The crux of this case revolved around the significant difference between ANL’s cost budget and BGCL’s cost budget (circa £1.3 million). The largest contributor to the difference between the parties was the hourly rate of fee earners when compared not only to BGCL’s lawyers, but also to the Guideline Hourly Rates used in the TCC for the assessment of costs3. In respect of Grade A and B fee earners, the costs were over 50% more than the Guideline Hourly Rates (for example, a Grade A fee earner for ANL was charging £801.00 an hour compared to the £512.00 per hour provided for in the Guideline Hourly Rates). 

There were also differences as to the number of hours budgeted for certain stages of the case, such as disclosure and witness statements. 

The Judge emphasised that he “was required to consider whether the cost budget put forward is reasonable and proportionate” and that an important factor in this consideration was the amount of the claim - which could not, at this stage, be determined but was estimated to be in excess of £10 million. 

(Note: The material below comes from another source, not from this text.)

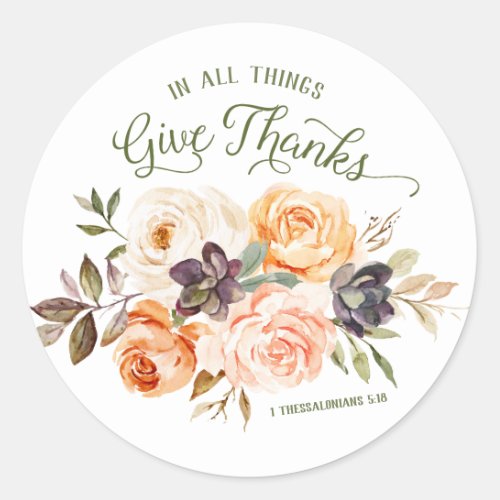 In All Thing Give Thanks Floral Roses Sticker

The Judge ultimately concluded that the amount budgeted by ANL was disproportionate to the issues arising in the case - even when considering the estimated £10 million value of the claim. He explained that: 

“It is of course open to ANL to make use of expensive and experienced lawyers, but in doing so, ANL’s legal team will need to consider the extent to which work can be delegated either to more junior members of the solicitor team, or to members of the Bar who are likely to charge lower hourly rates than the Grade B and C Senior Associates at Baker and McKenzie.” 

In conclusion, the Judge explained that the estimated costs of ANL should be reduced by 15%, but, rather than allocate reductions to particular phases, he invited ANL to revise its cost budget accordingly.

Take away points

Whilst not a particularly new area of law, this case is a useful reminder of the principles that are to be applied by the Court when considering cost budgets and the emphasis on costs being reasonable and proportionate. The Court will take a broad-brush approach to cost budgets (and adjustments to them), save in exceptional circumstances.